Partidos como a Frente Nacional ou o Syriza não partilham esses valores, e não têm essa história. Vieram das margens da contestação ao regime, e cultivam tradições inimigas das democracias ocidentais. A capacidade dos seus líderes para proporcionar governos estáveis, dentro dos quadros estabelecidos, é incerta. Os novos partidos cresceram a denegrir a classe política estabelecida e a prometer rupturas. É muito provável que receiem comprometer-se com acordos ou concessões, especialmente com os antigos partidos de governo (não por acaso, o Syriza preferiu outro partido marginal como parceiro de coligação). No entanto, parlamentos ainda mais divididos dependerão, para se manterem como base regular de governo, desses acordos e concessões. Portanto, não é de excluir que uma pulverização partidária, ao incluir "partidos anti-sistémicos", gere governos menos estáveis e menos eficazes. Se for assim, isso acontecerá precisamente quando os actuais regimes europeus estão confrontados com a estagnação económica e as pressões de Putin e do jihadismo, isto é, quando, mais do que nunca, há que tomar decisões.

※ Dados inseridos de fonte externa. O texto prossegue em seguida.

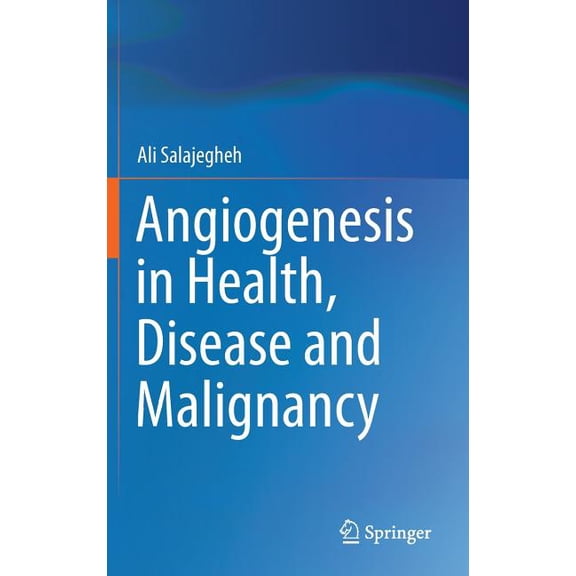 Angiogenesis in Health, Disease and Malignancy, (Hardcover)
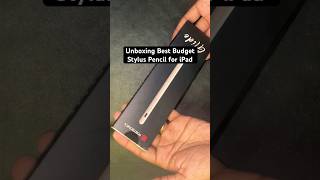 Unboxing Best Budget Stylus Pencil for iPad  Portronics Glide Stylus Pencil shorts viral [upl. by Odlanor]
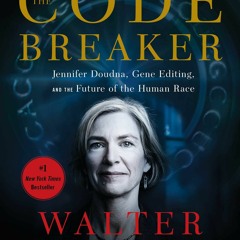 PDF/Ebook The Code Breaker: Jennifer Doudna, Gene Editing, and the Future of the Human Race - Walter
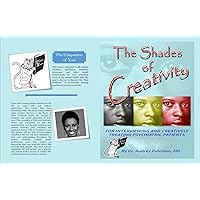 The Shades of Creativity: For Interviewing and Creativelyh Treating Psychiatric Patients The Shades of Creativity: For Interviewing and Creativelyh Treating Psychiatric Patients Kindle Audible Audiobook Paperback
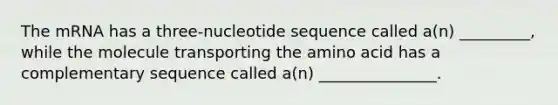 The mRNA has a three-nucleotide sequence called a(n) _________, while the molecule transporting the amino acid has a complementary sequence called a(n) _______________.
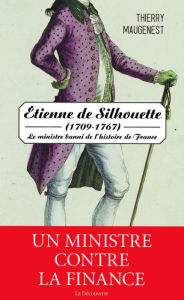 Title: Étienne de Silhouette (1709-1767), Author: Thierry Maugenest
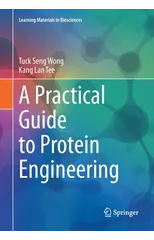 A Practical Guide to Protein Engineering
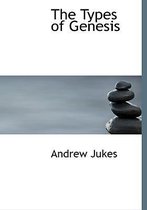 The Types of Genesis
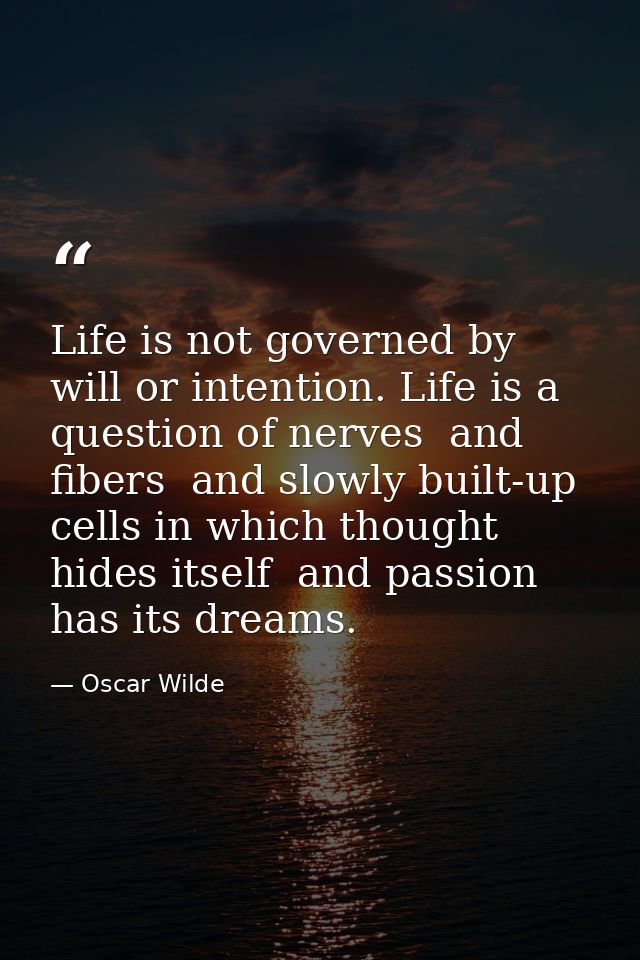 Life is not governed by will or intention. Life is a question of nerves  and fibers  and slowly built-up cells in which  — Oscar Wilde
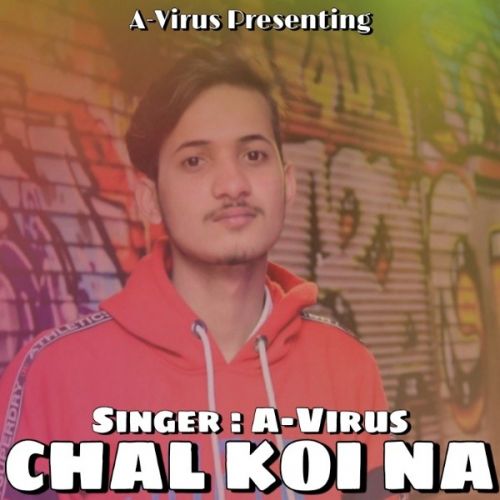 Chal Koi Na A-Virus Mp3 Song Download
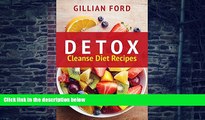 Big Deals  DETOX:  Cleanse Diet Recipes (Detox Diet, Detoxing, Body Cleasning, Weight loss,)  Best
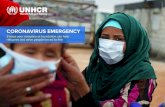 CORONAVIRUS EMERGENCY · Sample messages for your social media channels Social videos on: • How UNHCR helps refugees avoid COVID-19 • Positive news story around a refugee helping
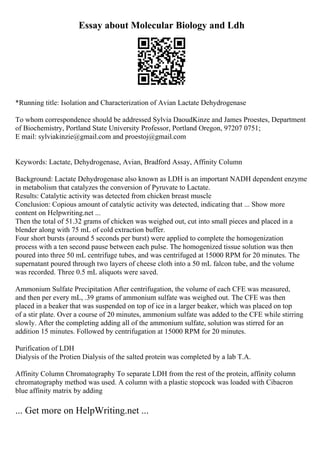 Essay about Molecular Biology and Ldh
*Running title: Isolation and Characterization of Avian Lactate Dehydrogenase
To whom correspondence should be addressed Sylvia DaoudKinze and James Proestes, Department
of Biochemistry, Portland State University Professor, Portland Oregon, 97207 0751;
E mail: sylviakinzie@gmail.com and proestoj@gmail.com
Keywords: Lactate, Dehydrogenase, Avian, Bradford Assay, Affinity Column
Background: Lactate Dehydrogenase also known as LDH is an important NADH dependent enzyme
in metabolism that catalyzes the conversion of Pyruvate to Lactate.
Results: Catalytic activity was detected from chicken breast muscle
Conclusion: Copious amount of catalytic activity was detected, indicating that ... Show more
content on Helpwriting.net ...
Then the total of 51.32 grams of chicken was weighed out, cut into small pieces and placed in a
blender along with 75 mL of cold extraction buffer.
Four short bursts (around 5 seconds per burst) were applied to complete the homogenization
process with a ten second pause between each pulse. The homogenized tissue solution was then
poured into three 50 mL centrifuge tubes, and was centrifuged at 15000 RPM for 20 minutes. The
supernatant poured through two layers of cheese cloth into a 50 mL falcon tube, and the volume
was recorded. Three 0.5 mL aliquots were saved.
Ammonium Sulfate Precipitation After centrifugation, the volume of each CFE was measured,
and then per every mL, .39 grams of ammonium sulfate was weighed out. The CFE was then
placed in a beaker that was suspended on top of ice in a larger beaker, which was placed on top
of a stir plate. Over a course of 20 minutes, ammonium sulfate was added to the CFE while stirring
slowly. After the completing adding all of the ammonium sulfate, solution was stirred for an
addition 15 minutes. Followed by centrifugation at 15000 RPM for 20 minutes.
Purification of LDH
Dialysis of the Protien Dialysis of the salted protein was completed by a lab T.A.
Affinity Column Chromatography To separate LDH from the rest of the protein, affinity column
chromatography method was used. A column with a plastic stopcock was loaded with Cibacron
blue affinity matrix by adding
... Get more on HelpWriting.net ...
 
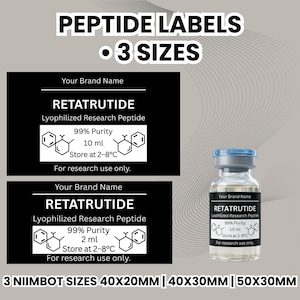 May include: Image features black and white peptide labels with the text "PEPTIDE LABELS - 3 SIZES". The labels display "RETATRUTIDE" and other details. A vial with a label is also shown. The sizes are 40x20mm, 40x30mm, and 50x30mm.
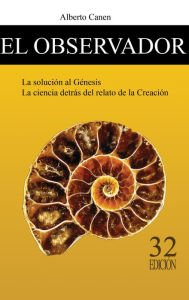 Title: El observador. La solucion al Genesis. La ciencia detrás del relato de la Creacion., Author: Alberto Canen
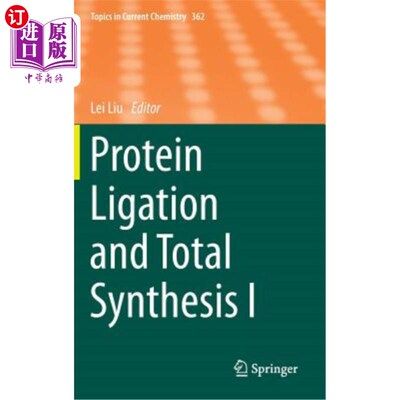 海外直订Protein Ligation and Total Synthesis I 蛋白质连接与全合成I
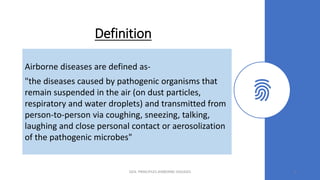 Definition
Airborne diseases are defined as-
"the diseases caused by pathogenic organisms that
remain suspended in the air (on dust particles,
respiratory and water droplets) and transmitted from
person-to-person via coughing, sneezing, talking,
laughing and close personal contact or aerosolization
of the pathogenic microbes"
GEN. PRINCIPLES-AIRBORNE DISEASES 3
 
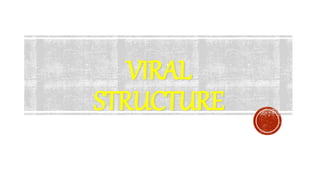 VIRAL
STRUCTURE
 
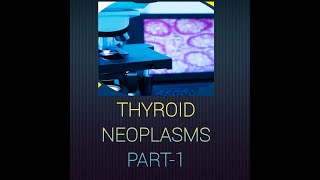 THYROID NEOPLASMS systemicpathology endocrinesystem thyroidtumors pathologybasics [upl. by Eloisa]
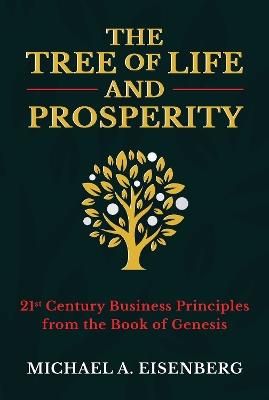 The Tree of Life and Prosperity: 21st Century Business Principles from the Book of Genesis - Michael A. Eisenberg - cover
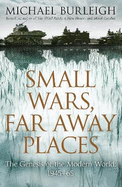 Small Wars, Far Away Places: The Genesis of the Modern World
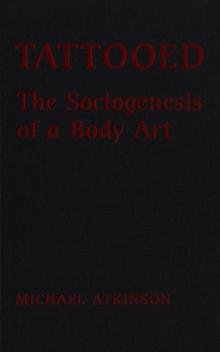 Tattooed : The Sociogenesis of a Body Art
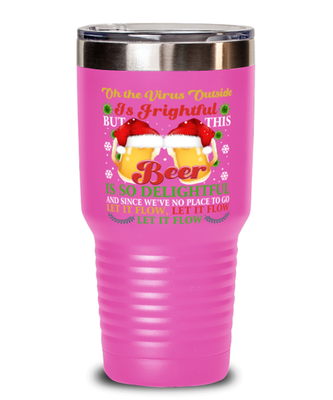 Funny Christmas Tumbler Pink - Oh The Virus Outside Is Frightful But This Beer is So Delightful - Holiday Song Pun Cup For Wine Lovers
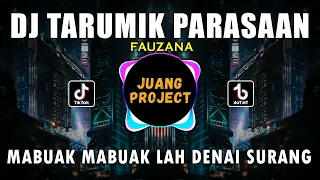 dj tarumik parasaan fauzana remix full bass viral terbaru 2023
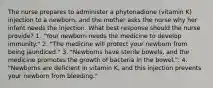 The nurse prepares to administer a phytonadione (vitamin K) injection to a newborn, and the mother asks the nurse why her infant needs the injection. What best response should the nurse provide? 1. "Your newborn needs the medicine to develop immunity." 2. "The medicine will protect your newborn from being jaundiced." 3. "Newborns have sterile bowels, and the medicine promotes the growth of bacteria in the bowel.". 4. "Newborns are deficient in vitamin K, and this injection prevents your newborn from bleeding."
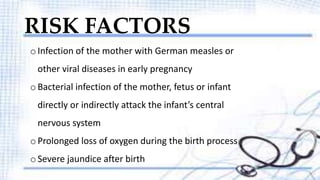 RISK FACTORS 
o Infection of the mother with German measles or 
other viral diseases in early pregnancy 
o Bacterial infection of the mother, fetus or infant 
directly or indirectly attack the infant’s central 
nervous system 
o Prolonged loss of oxygen during the birth process 
o Severe jaundice after birth 
 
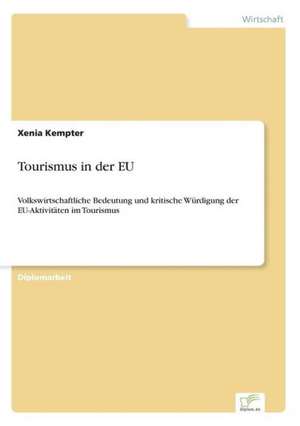 Tourismus in Der Eu: Von Der Kunst, Ein Eigenes Label Zu Grunden de Xenia Kempter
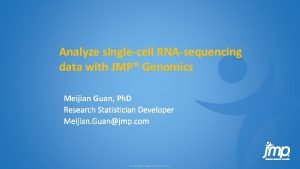 Analyze singlecell RNAsequencing data with JMP Genomics Meijian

Talvez valha a pena lembrar o que sucedeu à IV República Francesa em 1958. Os seus parlamentos estilhaçados e a sua cascata de governos fracos tornaram impossíveis decisões em relação à inflação e à guerra na Argélia. Tudo acabou num golpe de Estado militar, que deu o poder ao general De Gaulle, o que finalmente levou à bipolarização partidária (gaullistas para um lado, socialistas e comunistas para o outro). Hoje, na Europa, não há talvez exércitos golpistas, mas perante o acumular das dificuldades, não são totalmente improváveis derivas de autoritarismo plebiscitário, como já aconteceu pelo menos num país da UE, a Hungria.
O desaparecimento ou a redução dos actuais partidos de governo talvez não signifique mais do que uma substituição de partidos ou a passagem a regimes partidários mais complexos. Mas poderá também levar-nos a descobrir que estas democracias não são viáveis sem os antigos partidos, por menos estimáveis que eles nos pareçam agora.